UK & World News
Childcare Plans: Nursery Ratios To Be Relaxed
Nurseries and childminders will be allowed to look after more children under Government plans aimed at reducing the burden on parents struggling to pay soaring fees.
The current ratio of one member of staff to every four two-year-olds will be increased to one carer for every six toddlers.
Nurseries will also be allowed to loosen ratios for under-twos, with one carer being allowed to look after four instead of three children.
A childminder would be able to look after two babies rather than one and four under-fives rather than three, according to the proposals.
British families spend an average of 27% of their income on childcare - the second highest proportion in the world.
But when it comes to the quality of care provided, the UK is said to be behind other European countries.
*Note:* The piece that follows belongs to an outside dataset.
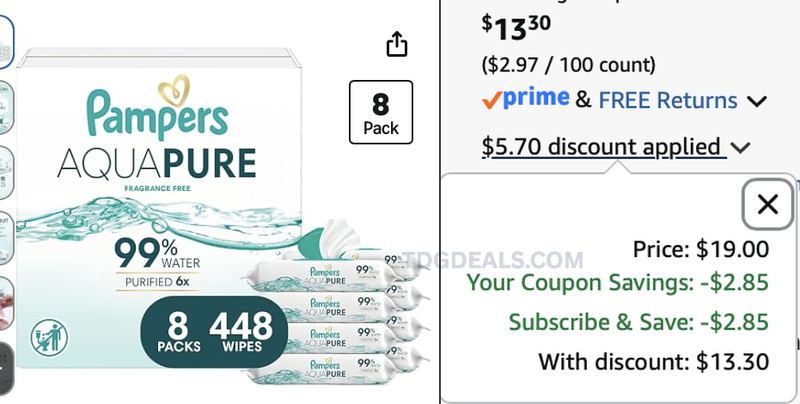 $19 PAMPERS AQUA PURE BABY WIPES 448-COUNT FOR $13.30
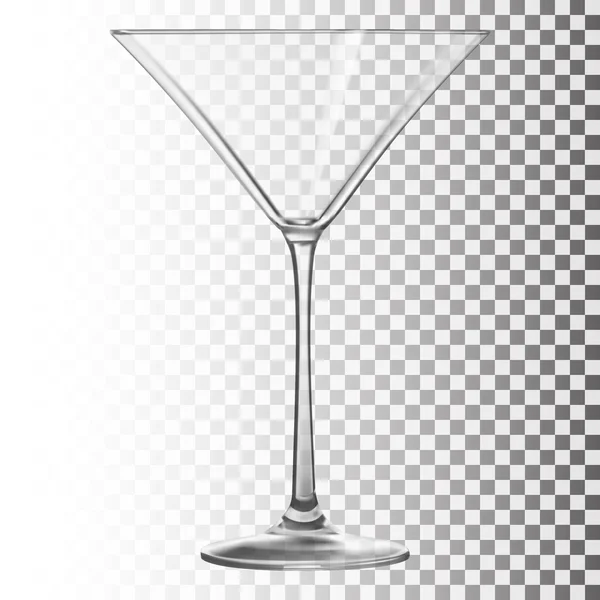 Glasbecher für Martini-Cocktails als Vektorillustration. transpar — Stockvektor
Citing the example of France, Education Minister Elizabeth Truss will argue that easing the rules on ratios can give nurseries the "headroom to pay higher salaries".
She is expected to tell an event at the Policy Exchange think-tank: "We have learned from other countries that deliver better value and better-quality childcare.
"We have looked across Europe and beyond. The aim is not to replicate another country's approach but to learn from and apply best practice."
Ministers also want youngsters to start being taught reading and maths at a younger age to reassure parents that their children are receiving a proper education.
And in return for deregulation and higher pay, Ms Truss will insist that nursery workers have tougher academic standards, including potential carers needing at least a grade C in English and maths to begin the two-year Early Years Educator Qualification.
Ms Truss said: "We want to see more of a continuum between childcare and the education system, we want to see more teachers in early years leading high quality group settings and also more people with English and maths GCSE going into early years.
"So this is about raising the quality and making sure our young children get the absolute best."
Rachel Parangi, a mother-of-two, told Sky News: "The cost of childcare is a burden, it's like a mortgage, in fact, it's more than my mortgage - so yes it is expensive.
"It's a price you have to pay for quality childcare. When you're at work you want to know that someone is looking after your children."
Shadow education secretary Stephen Twigg said the plans threatened child safety and would not reduce costs.
"This Government has created an affordability crisis by cutting support and pushing up costs for parents. Watering down quality is the wrong way to try to deal with the problem they've caused," he said.
"Experts are warning this could threaten child safety and won't reduce costs. Parents will be worried.
"With a £1,700 toddler tax for families with two children, and 401 fewer children's centres, parents are being locked into inflation-busting cost rises while the quality of childcare is undermined."